• [Exercise brief]:
For this exercise, write out the whole listing below exactly, omitting its images.

• [Dataset extract]:
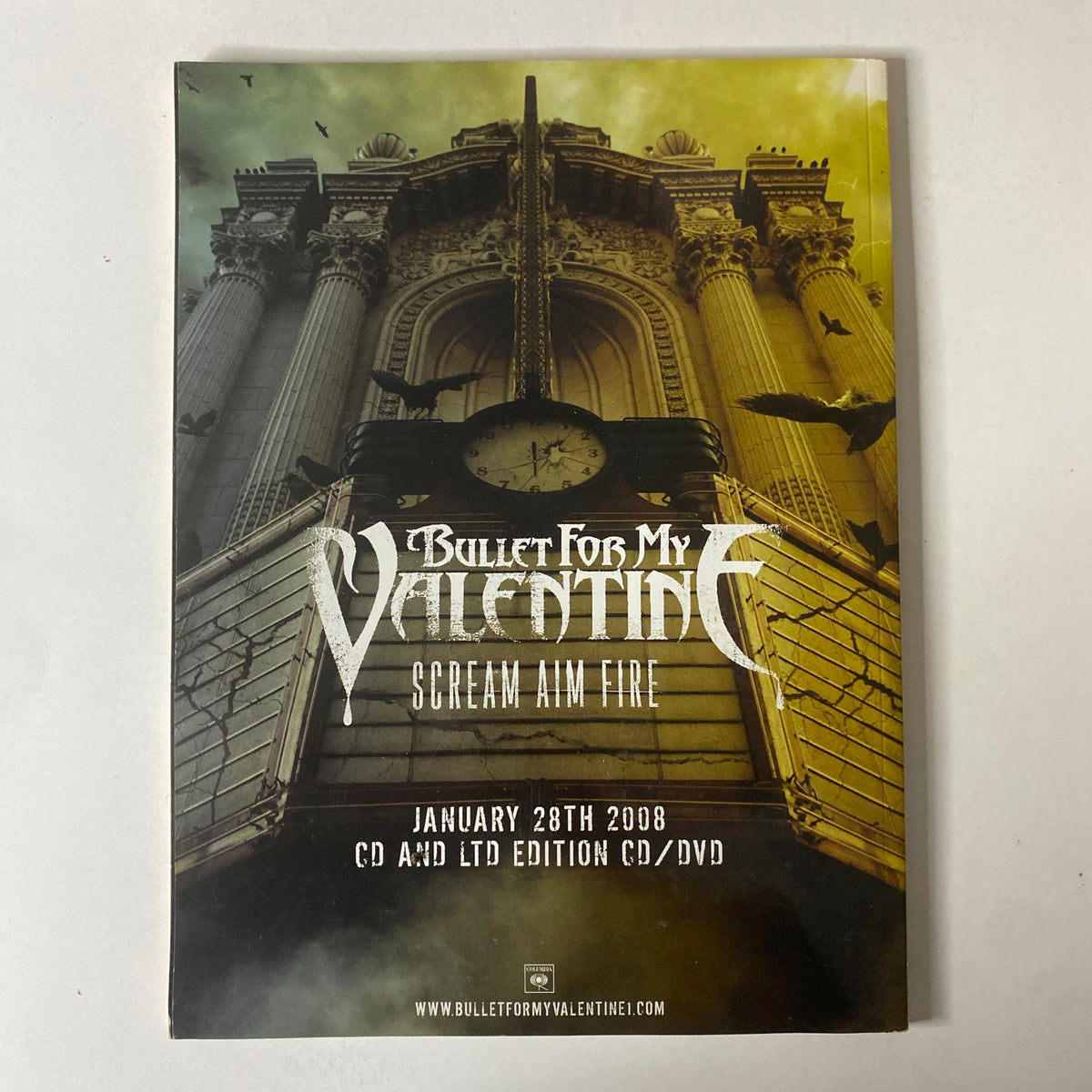 Classic Rock Magazine February 2008 includes a promotional cover for Bullet For My Valentine with the album 'Scream Aim Fire' released on January 28th, 2008. The design features an iconic building with gothic elements.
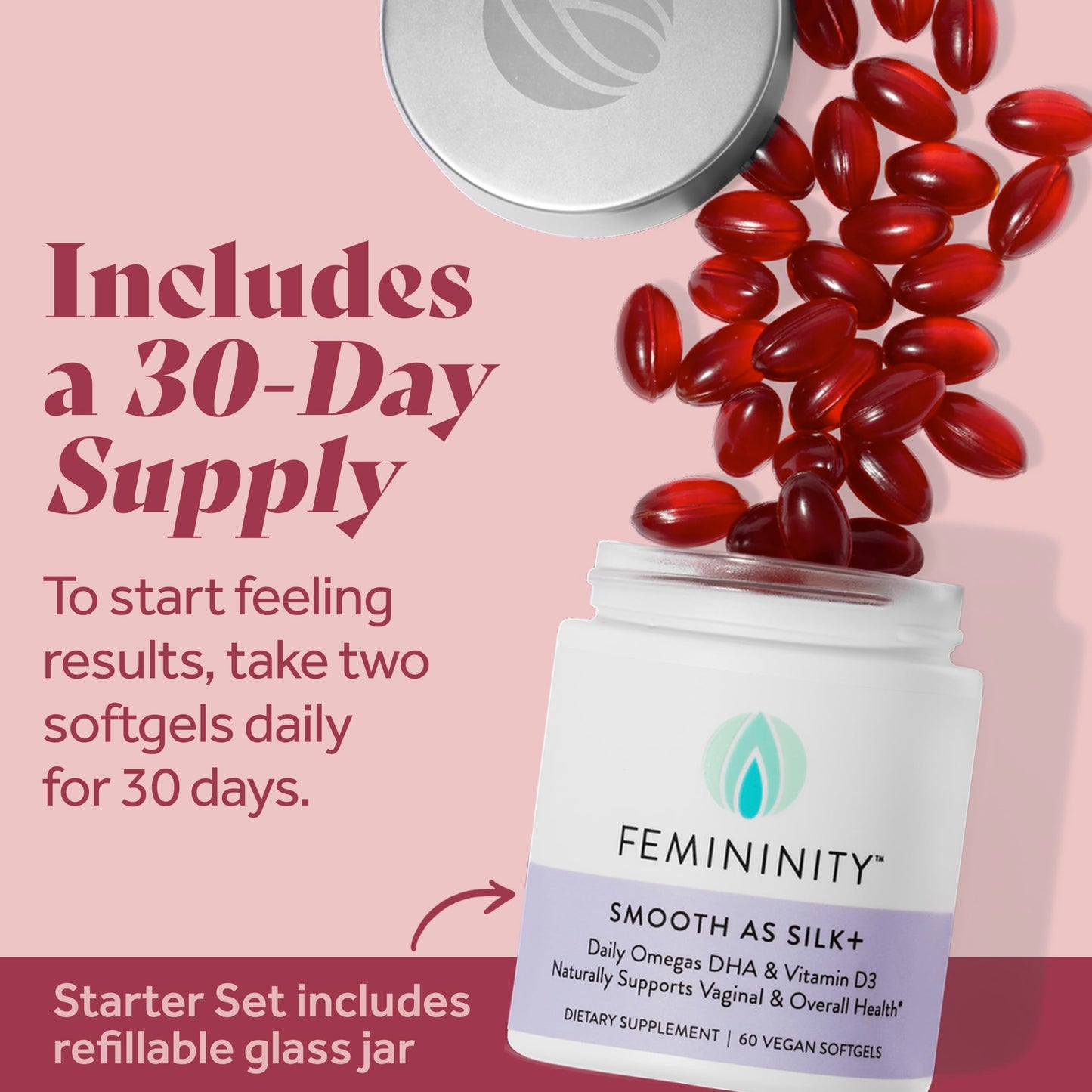 Femininity Smooth as Silk+ 30-Day Starter Kit for Vaginal Dryness Capsule 60 Count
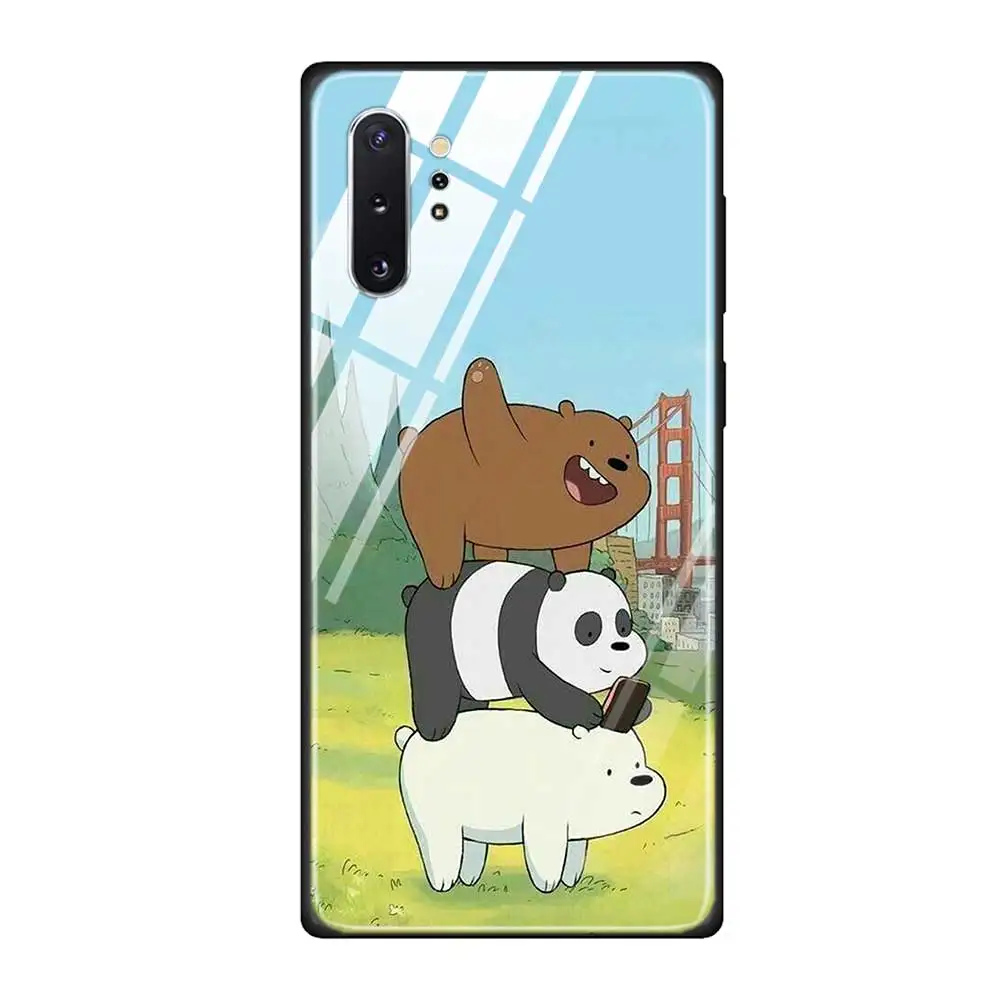 Закаленное Стекло чехол для телефона чехол для Samsung Galaxy S10 S10E S9 S8 Note 9 10 105G Plus A50 A30 ТПУ мягкий чехол с мы вся правда о медведях - Цвет: T16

• [Result]:
 Classic Rock Magazine February 2008 includes a promotional cover for Bullet For My Valentine with the album 'Scream Aim Fire' released on January 28th, 2008. The design features an iconic building with gothic elements.
 Femininity Smooth as Silk+ 30-Day Starter Kit for Vaginal Dryness Capsule 60 Count
 Закаленное Стекло чехол для телефона чехол для Samsung Galaxy S10 S10E S9 S8 Note 9 10 105G Plus A50 A30 ТПУ мягкий чехол с мы вся правда о медведях - Цвет: T16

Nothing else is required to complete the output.